One Weird Trick for Keeping Female Employees from Quitting - Mz
http://nymag.com/thecut/2016/03/study-women-30s-leave-jobs-because-money.html
======
pink_dinner
"Don’t assume we want to become mothers. And if we already are mothers, don’t
assume that we’d rather have fewer hours or responsibilities. "

This isn't just an assumption. Pretty much every woman I worked with that
became a mother, cut their hours, and focused less on their career and more on
their family. This isn't a bad thing, but on the flip side, you can't expect
to get paid the same amount (or get as many promotions) as someone who is
willing to work many more hours.

"young women identified finding a higher paying job, a lack of learning and
development, and a shortage of interesting and meaningful work as the primary
reasons why they may leave."

You could replace 'women' with pretty much anyone in this situation. I'm not a
woman and I have left jobs for all of the above reasons.
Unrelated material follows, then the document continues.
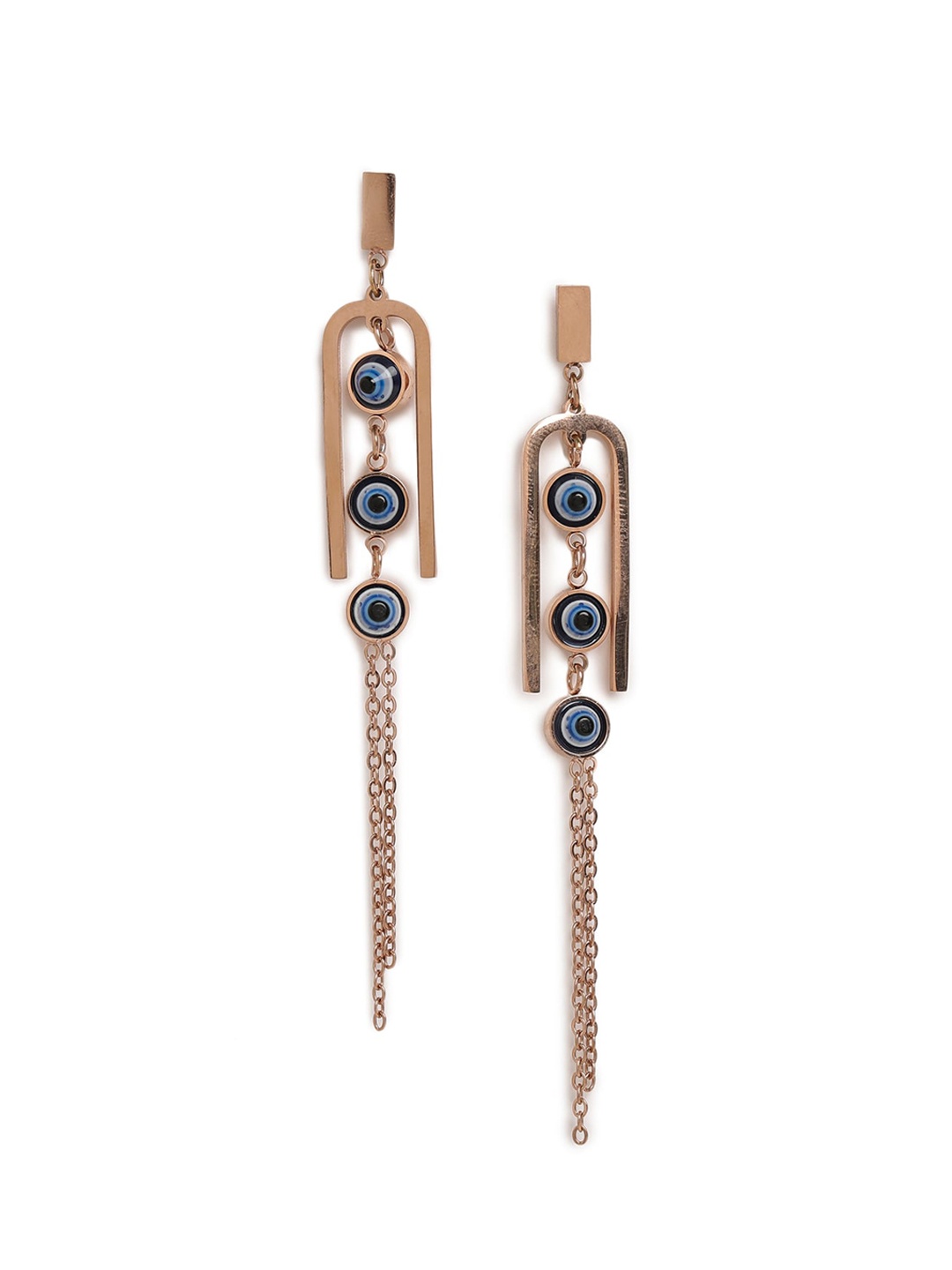 

EL REGALO Stainless Steel Gold-Plated Contemporary Drop Earrings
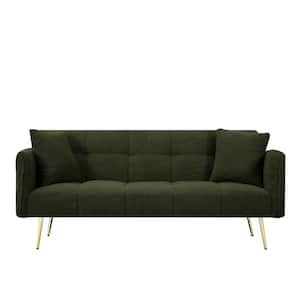 70 in. Green Teddy Velvet Twin Size Adjustable Sofa Bed with Folding Armrests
"You could work with them to develop their skills and use their talents in
interesting, meaningful ways"

I'm getting fatigued by special treatment and double-standards that are
becoming acceptable. The only way to succeed is to find your own interest in
your career. An employer can't develop your skills, you need to take
responsibility for this yourself.

"You can default to paying them even more money, and you just might get lucky
and have them stick around a while longer"

So women should get paid more than men for simply being a woman? Why isn't
this considered sexist?

"PAY WOMEN MORE. Pay us what you pay our male co-workers who do similar jobs"

This narrative keeps getting spun, but there have been numerous studies on pay
and women in the workforce and when you compare similar jobs, hours,
educations, and skill levels, women get paid around the same as men.

Logic says that if pay were this different, we would see entire IT companies
staffed with women. Companies are always trying to reduce costs. This just
isn't happening.

It happens in other industries where companies know they can hire illegal
immigrants and underpay them.

Why does 'diversity' have to be just another form of sexism?